Le philosophe marxiste italien, professeur de l’université d’Urbino, spécialiste de Hegel, est décédé à l’âge de 77 ans.

Le philosophe a soutenu sa thèse sur le hégélien Karl Rosenkranz. www.domenicolosurdo.it

Affaibli ces derniers temps (1), Domenico Losurdo vient de nous quitter. Le directeur de l’Institut de sciences philosophiques et pédagogiques de l’université d’Urbino (Italie), né en 1941 à Sannicandro di Bari, laisse une œuvre philosophique critique importante. Spécialiste de Hegel et de Nietzsche, l’auteur du Péché originel du XXe siècle (Aden, 2007), de la Contre-histoire du libéralisme (La Découverte, 2013) ou encore de la Lutte des classes (Delga, 2016) avait acquis une grande autorité dans les cercles intellectuels de la pensée critique, mais aussi parmi les communistes, dans les milieux marxistes et bien plus largement auprès des militants anticapitalistes.

La principale raison à cette grande reconnaissance – non unilatérale – de tous ceux qui ne se résolvent pas à l’ordre établi inégalitaire et inhumain du capitalisme mondialisé est que le philosophe communiste italien de formation hégélienne avait porté le fer du débat d’idées aux heures les plus difficiles devant l’offensive néoconservatrice et libérale des années 1990-2000. Le président de la société Hegel-Marx (dont il est le co-fondateur) a alors eu le mérite de susciter la discussion y compris pour accueillir la contradiction soi-même.
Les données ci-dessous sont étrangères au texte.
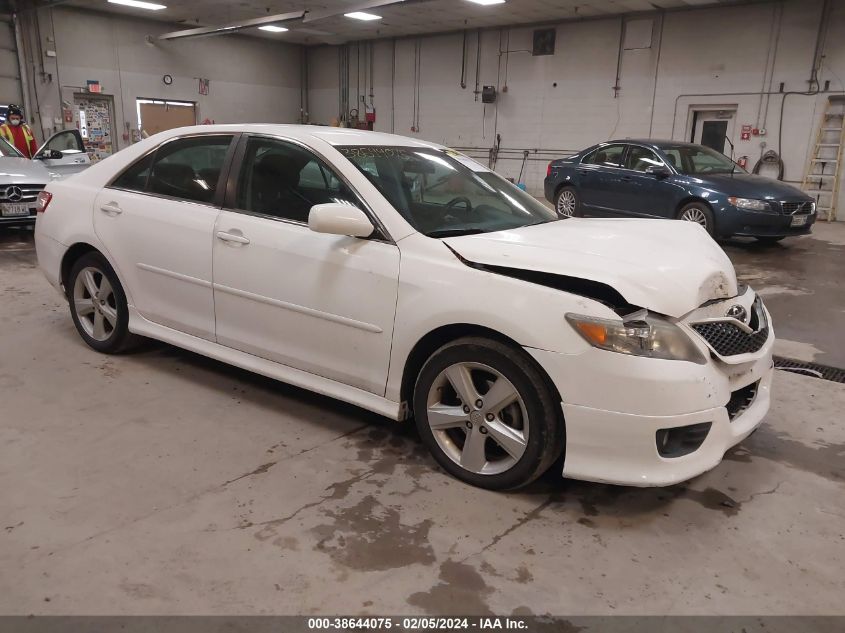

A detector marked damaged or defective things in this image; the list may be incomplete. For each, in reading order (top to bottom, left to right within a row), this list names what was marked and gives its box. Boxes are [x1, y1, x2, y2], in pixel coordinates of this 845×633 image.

IL A DÉFINI« LE VÉRITABLE PÉCHÉ ORIGINEL » DANS L’EMPIRE COLONIAL

Et d’abord, en faisant une critique systémique des fondements du libéralisme économique et de l’impérialisme dominateur, il cherche par une étude minutieuse du ressort totalitariste à démontrer que le nazisme n’était pas étranger à la construction raciale expérimentée aux États-Unis par les penseurs esclavagistes du Ku Klux Klan ou dans les pratiques colonialistes. Pour ce faire, il s’est appuyé sur les affirmations de Hannah Arendt en 1951 dans Origines du totalitarisme. Domenico Losurdo définit ainsi « le véritable péché originel » dans l’Empire colonial de la fin du XIXe siècle où, pour la première fois dans l’histoire, s’est manifesté l’univers concentrationnaire. Pour lui, les origines du fascisme et du nazisme se trouvent dans les politiques colonialistes et impérialistes de l’Occident. Puis, engageant la riposte en termes d’hégémonie culturelle dans un pays qui voit l’autodissolution de son parti communiste, il élabore le concept de « l’autophobie communiste ». Selon lui, il arrive que les victimes tendent à s’approprier le point de vue de leurs oppresseurs et commencent à se mépriser. Le concept de l’autophobie est développé dans le cadre de l’étude de l’histoire juive et de l’histoire de l’esclavage. Losurdo étend ce concept aux classes sociales et aux partis politiques ayant subi une « défaite ». Largement plus discutable est son analyse du stalinisme (certains y ont vu une réhabilitation), même s’il entend maintenir un degré de rigueur intellectuelle en réfutant notamment la seule thèse de l’échec de l’étatisme. Ses analyses très récentes (2) concernant le combat de classes nous aident à penser dans les conditions d'aujourd'hui la lutte politique et la bataille d'idées.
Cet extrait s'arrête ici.